There are lots of other test from SPEC to Javascript benchmarks ( Using same JS Engine ) that shows what A13 is capable of. And so far results are comparable in many cases, better in some cases, and slower in other cases.
We already knew what to expect from Intel Willow Cove, we will have to wait and see what A14 has in store for us.
A12's spec results are close to Intel's single-thread performance at comparable clock speeds in SPEC, yes, but that wasn't the claim. The claim was that A12 was faster and that is what doesn't really have much evidence to support. Particularly since at comparable clock speeds is great and all, but not if your competitor can just outclock you by a landslide. The A12 can almost certainly go higher than 2.5ghz when actively cooled. But can it hit 4ghz? That's a different story.
>Geekbench, which is a highly questionable benchmark that also has extreme OS dependencies (compare results for the same CPU on Windows & Linux, for example)
OS and compiler dependencies, really. On the other hand, comparing macOS and iOS results may well be more meaningful (they use the same compiler and much of the OS is shared, especially at layers likely to significantly affect performance).
Geekbench (v4 especially) is definitely flawed, but the results in this case don't seem out-of-line with what we see on specINT for example.
e.g., https://browser.geekbench.com/v4/cpu/compare/15541405?baseli... comparing shows an A12X roughly matching a Sunny Cove 1060NG7 on single-thread performance (and it mostly follows where I'd expect Intel's strengths to be, with a wider vector unit and specialized instructions); in multi-thread performance the A12X unsurprisingly wins, but it also has double the number cores (okay, four of them are little, but that's still providing extra capacity to get work done).
IMHO, Apple's phones were considered fantastic for a few reasons, in order: brand (perceived quality, luxury status, pricing, "Apple"), software lock-in (iMessage, iCloud), and privacy (also a branding thing since they still use Google for Safari search). The hardware and camera were usually matched or exceeded by top-tier Android manufacturers. Now, Apple-designed CPUs are leaving their competitors in the dust, and provide, perhaps for the first time in a long time, hardware superiority. I don't think consumers quite understand the actual performance gap yet. But once it gets out, it's probably going to be second or third in the list for why people buy iPhones.
I'm going to switch from a Pixel to an iPhone this year. The CPU is just clearly better, and seems to actually matter for taking photos and web browsing. (The Pixel still takes like 5 seconds to post-process a photo. iPhones do it instantly.)
I switched for the opposite reason. Phone hardware is plenty fast for anything I want to do, but Apple's really restrictive closed software ecosystem and lack of hardware variety drove me to Android last year after being on Apple since iPhone 3G.
I just wanted a touch ID, notcheless, fast and current phone, and Apple did not offer one until recently.
I am not going back, and I am also now seeing the same thing with their laptops.
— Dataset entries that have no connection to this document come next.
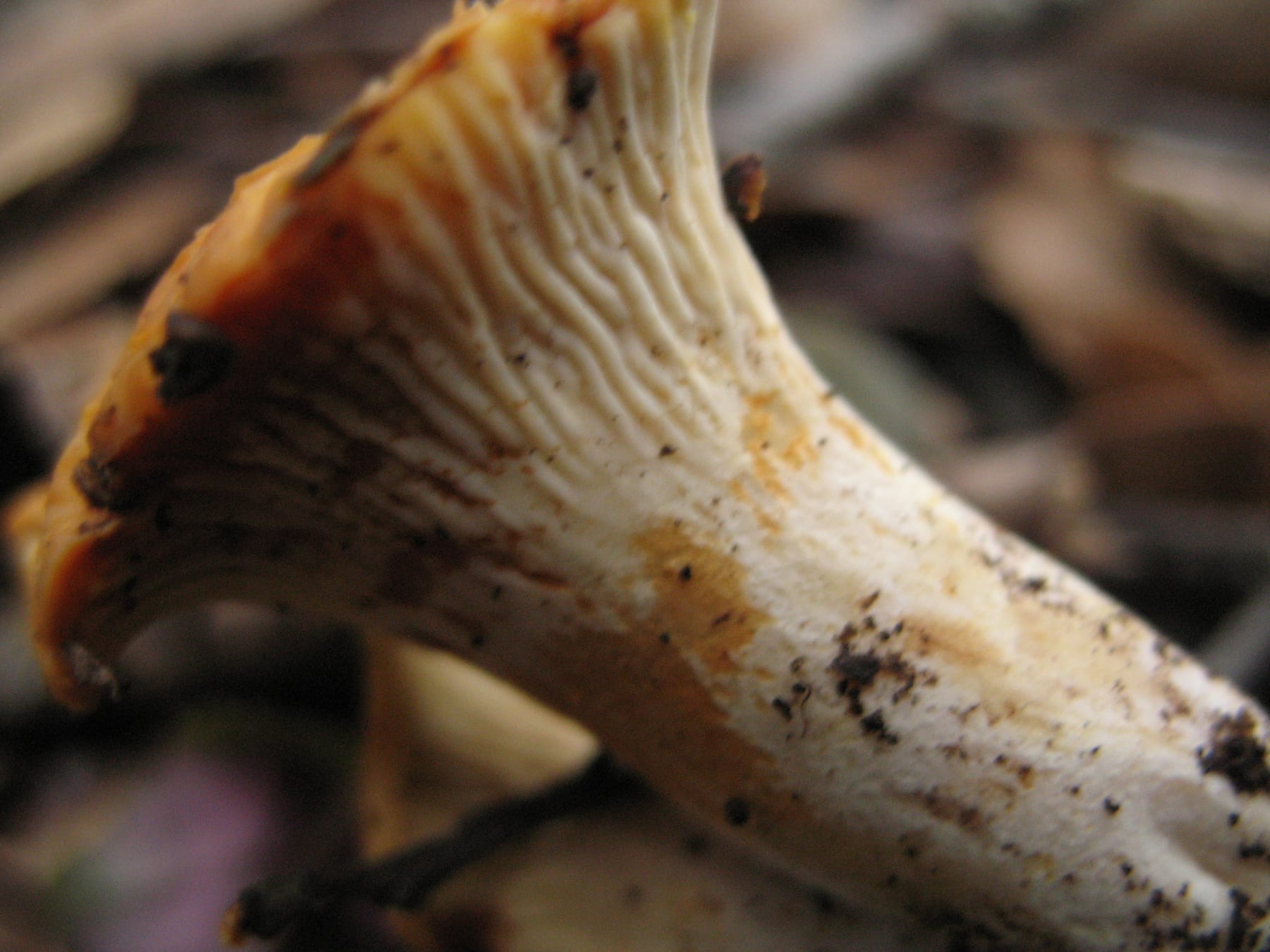 Pieprznik rdzawiejący (Cantharellus ferruginascens) — zdjęcie 1 z 4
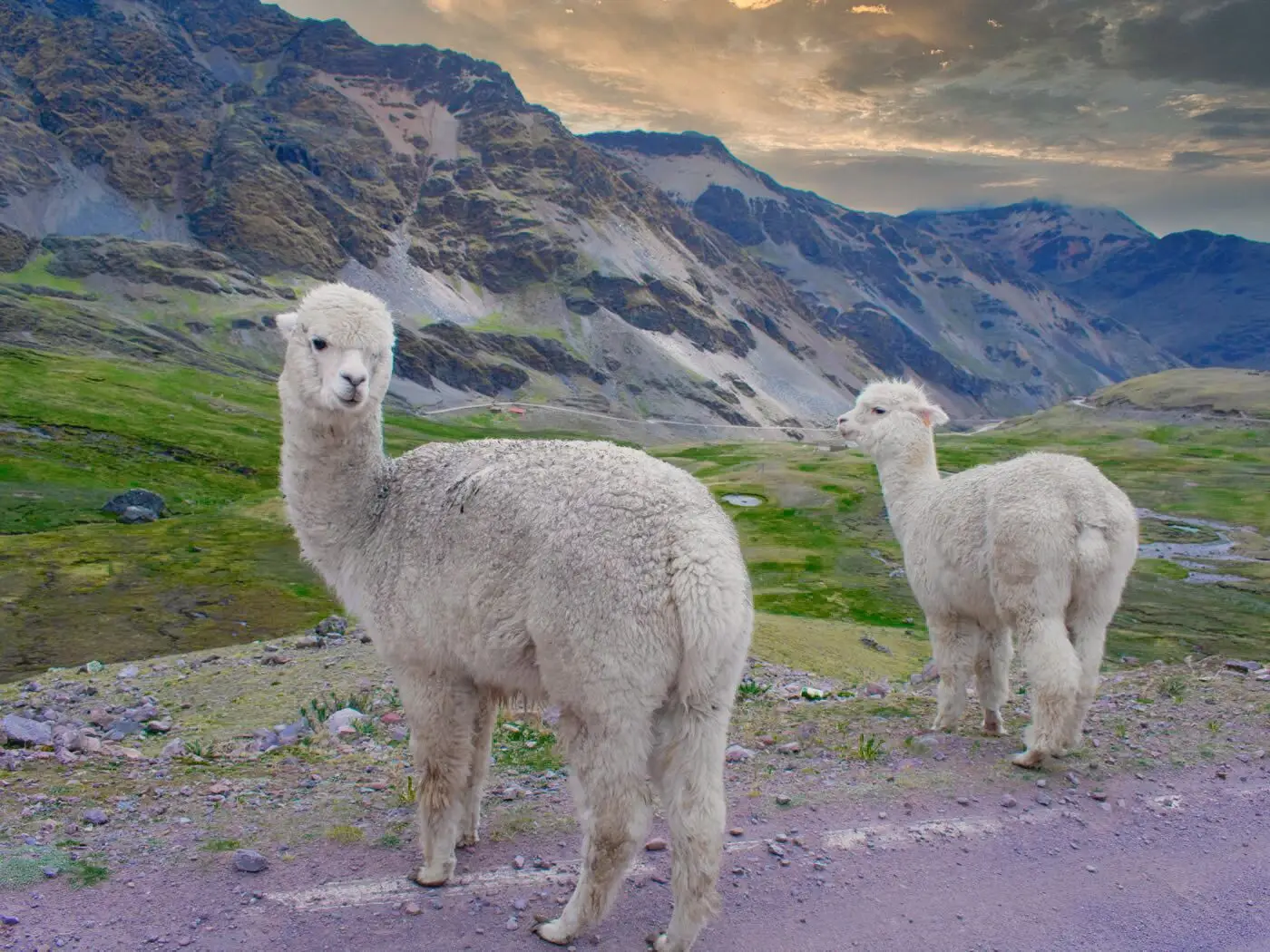 Alpacas on the Lares Trek 4 days Alpacas on the Lares Trek 4 days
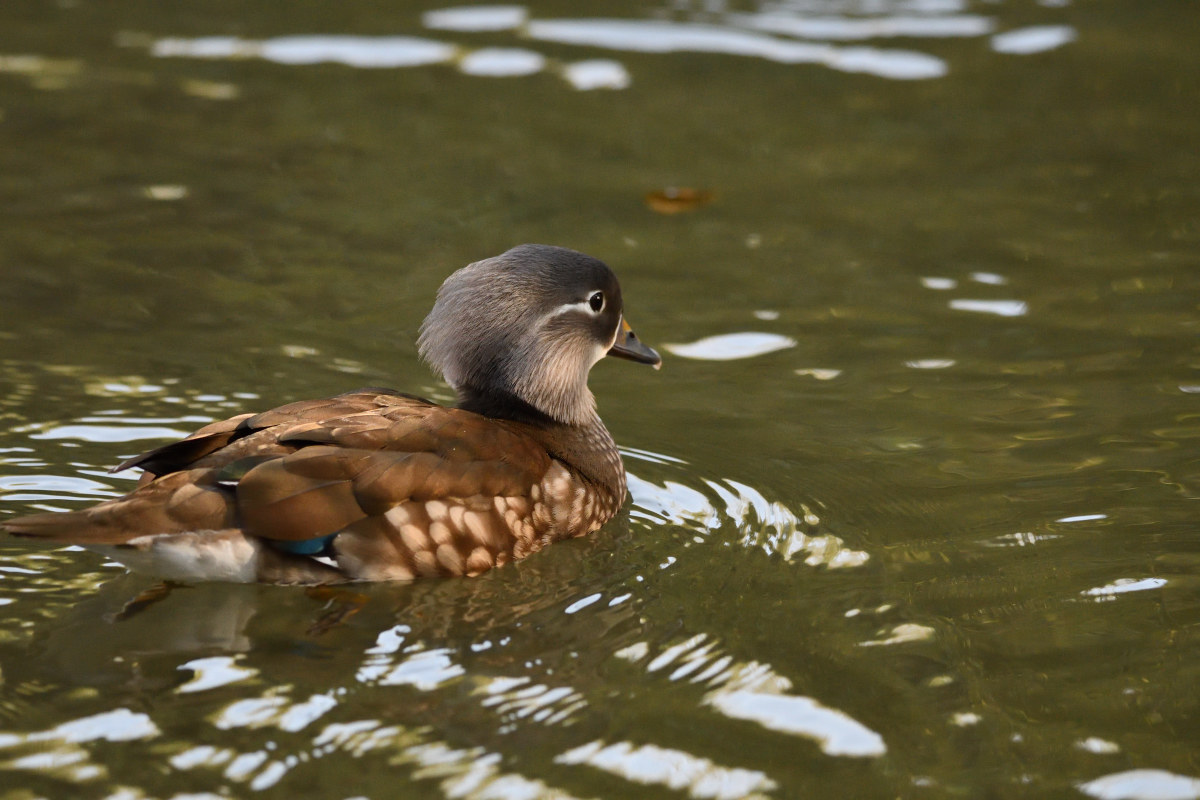 Mandarin female duck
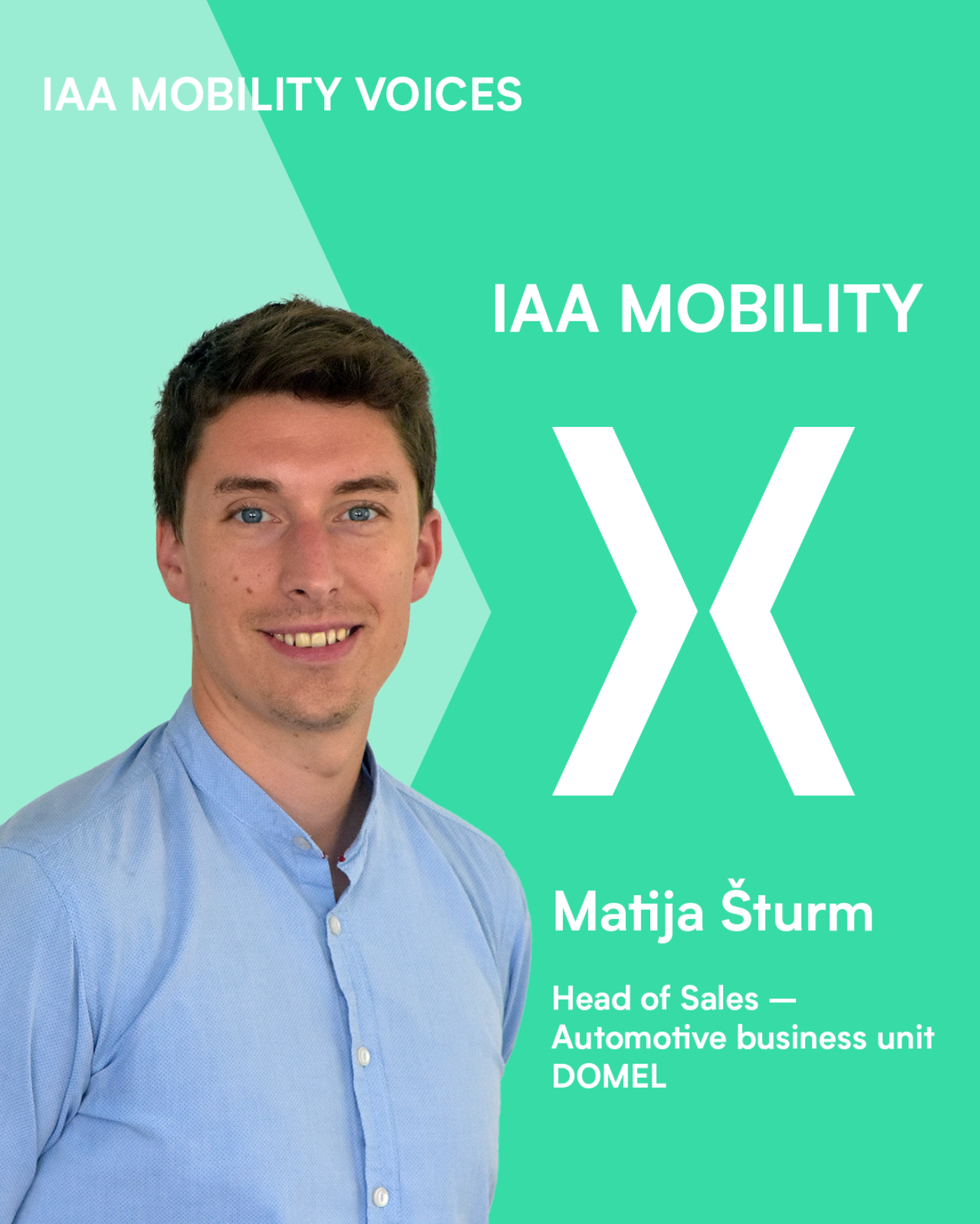 Matija Šturm, Domel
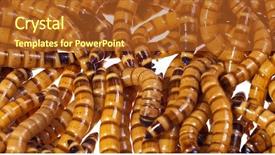  Presentation with parasite nematodes parasitic worms - PPT theme having maggots - zophobas morio worms close up background and a red colored foreground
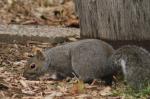 Gray squirrel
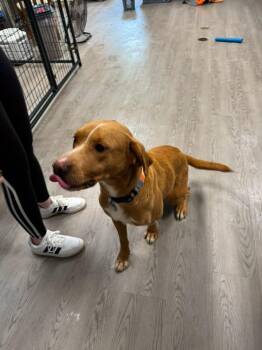 Sophie -  Labrador Retriever Dog for Adoption in Gouverneur, New York - Sophie | PetCurious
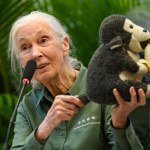 Jane Goodall zostawiła radykalne ostrzeżenie. "To jest piekło na ziemi"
Crappy keyboards, non optional and useless touch bars, low performance per dollar and software that gets in your way. No thanks. Windows 10, WSL, Surface Book/Go/Alienware, wow. Just good, open, usable stuff.
I'd do the same if I wasn't concerned about Android privacy. My pi-hole is blocking literally 10x as much phoning home stuff on the Android device I've got vs iPhone. And that is with the iPhone having way more crap installed on it.
The Pixel 4 has renamed it the "Pixel Neural Core" and has given it even more machine learning tasks and offloading such as Google Assistant and face unlock.
What are your sources for the claim that the hardware superiority actually matters in real life? Every once in a while when I'm looking to buy a phone, I like to check out videos that do real life speed tests (mainly opening apps but other tasks as well) and iPhones have never been on top. Curious to see if that has changed recently.
You're asking for sources and then citing unnamed “real life speed test” videos without any way for people to see what they're measuring or how solid their methodology was?
The main area where normal people notice this is in web usage, where Mobile Safari has handily outpaced Android browsing for many years — see e.g. https://discuss.emberjs.com/t/why-was-ember-3x-5x-slower-on-... from 2014. How much that matters depends on how much a particular website is limited by single-core JavaScript performance — well-engineered sites probably don't have a huge impact but it's quite noticeable on anything which has a bloated SPA and the web has been moving in the latter direction for years.
Gaming is the other area where this is fairly noticeable but that varies both in where the bottlenecks are (CPU vs. GPU), how prominent the effect is, and the relative quality of the ports so it's harder to do a fair comparison.
Burden of proof is on the one who makes the claim. I'm just asking for some links and I explained why I doubted the claim.
I appreciate your effort with giving more background, although I think 2014 is a bit dated with Firefox Quantumn becoming more of a thing on Android. Can't remember if the Preview has it yet or not.
Just to add color to that - Apple doesn't want external control of their semiconductors. They want to do their own thing starting with the mobile SOCs, then the secure enclave, then the M2 chip, and the GPU, and now mainstream high power processor. What Intel offers is orthogonal.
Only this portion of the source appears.